En Ciudadelas de la soberbia, Nussbaum analiza cómo dicho orgullo perpetúa el abuso sexual sistémico, el narcisismo y la masculinidad tóxica. El coraje de muchos ha provocado algunas reformas, pero la justicia sigue siendo esquiva, pervertida a veces por el dinero, el poder o la inercia; y también por un deseo colectivo de venganza.
Al analizar los efectos de la ley y las políticas públicas en la definición de violencia sexual, Nussbaum aclara cómo las brechas en las leyes permiten, en muchas ocasiones, que esta violencia prolifere y de qué manera dichas fisuras deben complementarse con una comprensión de las emociones distorsionadas que generan el abuso; y por qué la ira y la venganza rara vez logran un cambio duradero.

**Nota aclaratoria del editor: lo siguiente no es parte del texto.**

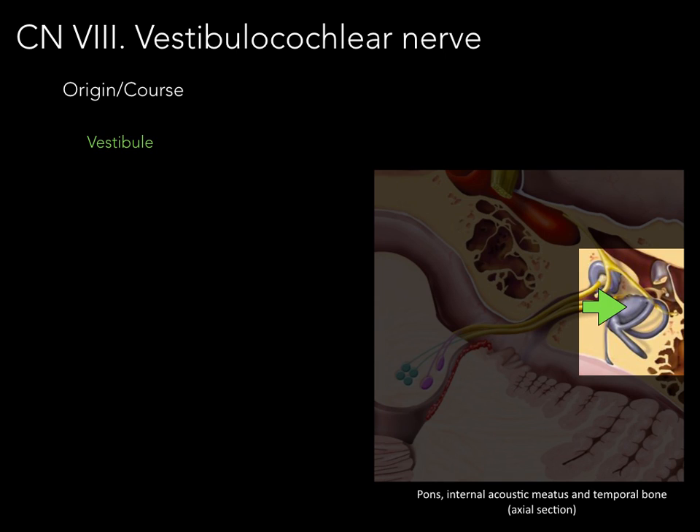The vestibule portions and these fluid messages are transduced to an electrical chemical impulse. Cranial nerve eight carries that to the pons, and that's where our brain helps to coordinate our balance and equilibrium.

Ciudadelas de la soberbia ofrece una acusación condenatoria de la cultura del poder masculino que aísla a los abusadores poderosos de la responsabilidad. Sin embargo, Nussbaum ofrece un camino esperanzador a seguir, y visualiza un futuro en el que, a medida que las víctimas se movilizan para contar sus historias y las instituciones persiguen una reforma justa y matizada, podríamos reconocer plenamente la igual dignidad de todas las personas.»